Siblings in the Unconscious and Psychopathology: Vamik D. Volkan and Gabrielle Ast. Madison, Connecticut: International Universities Press. 1997. Pp. 184 + xiv

Review by:
Peter B. Neubauer

The reader can rest assured that the title of this book does not refer to an encyclopaedic exploration of the sibling experience and its multiple influence on psychopathology. In the introduction the authors make it clear that they address the ‘mental representation of childhood siblings … in adult patients’ internal worlds, and the role they play in psychopathology' (p. xi, my italics). They are not interested in studying normal or transient conflicts about rivalry, envy and jealousy among siblings. They focus on the role of the unconscious fantasies in adult life as the necessary entrance into the inner mental life as being the pivotal mode of the analytic intervention. They never fail to assert that they are examining sibling ‘representations’. They do not dwell on conscious fantasies, day-dreams or overt behaviour, but study the repressed conflicts.

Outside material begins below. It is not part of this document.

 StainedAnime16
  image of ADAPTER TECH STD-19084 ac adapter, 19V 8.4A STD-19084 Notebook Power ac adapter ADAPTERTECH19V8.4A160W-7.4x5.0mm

It is this traditional psychoanalytic position that they never abandon. It leads them directly to the significance of unconscious fantasies, to which they assign an early chapter. Here, too, they restrict the field of exploration, defining unconscious fantasies as being repressed conscious fantasies or day-dreams. They do not include Freud's assumption of primary unconscious fantasies that have been unconscious all along, as an expression of the drives. The authors then state that the repressed day-dreams have to follow primary process thinking, but, and there is the interesting characteristic of unconscious fantasies, they still follow their organised story-like quality.